Gore's vision is purely global in scope, as is evidenced by his proposed "Global Marshall Plan." This hypothetical policy would stipulate the formation of a "trust fund" to generate revenue for environmentally sound products (349-50). The money for this fund would be confiscated from offenders of "mother earth," namely those segments of industry that are guilty of increasing carbon dioxide emissions (34-50). Further delineating his framework for an eco-theocratic state, Gore proposes a form of universal education that will "monitor the entire earth" (357). Gore’s hypothetical state would also mandate "an annual tree census" (357).

Given the supranational character of Gore's proposed social and political machinations, the claims of Vaclav Klaus certainly gain more credibility. In his address to the CATO Institute, Klaus specifically identified the world’s gradual migration towards global governance as a threat to liberty everywhere (Mooney, no pagination). Klaus contended that environmentalism was providing the ersatz religion for a gradually developing superstate (no pagination).

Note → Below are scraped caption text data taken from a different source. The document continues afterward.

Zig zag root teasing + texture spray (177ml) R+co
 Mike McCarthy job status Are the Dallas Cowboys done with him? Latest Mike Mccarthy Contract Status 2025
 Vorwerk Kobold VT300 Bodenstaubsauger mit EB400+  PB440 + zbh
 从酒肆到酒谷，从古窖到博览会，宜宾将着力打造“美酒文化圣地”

If he is correct, then Gore qualifies as the high priest of the emergent world theocracy. Gore’s film, An Inconvenient Truth, enjoyed an international audience and won an academy award at the Oscars. Evidently, the evangel of the new ecclesiastical authority is spreading. Heretics, beware.

Sources Cited

Goeringer, Conrad. "The Enlightenment, Freemasonry, and the Illuminati." American Atheists 2006

Gore, Albert. Earth in the Balance: Ecology and the Human Spirit. Houghton Mifflin, NY: 1992.

Mooney, Kevin. "Environmentalism Religion Rather Than Science, Says Czech Leader." CNSNews.com 12 March 2007

Wagar, W. Warren. H.G. Wells and the World State. New Haven, CT.: Yale UP, 1961.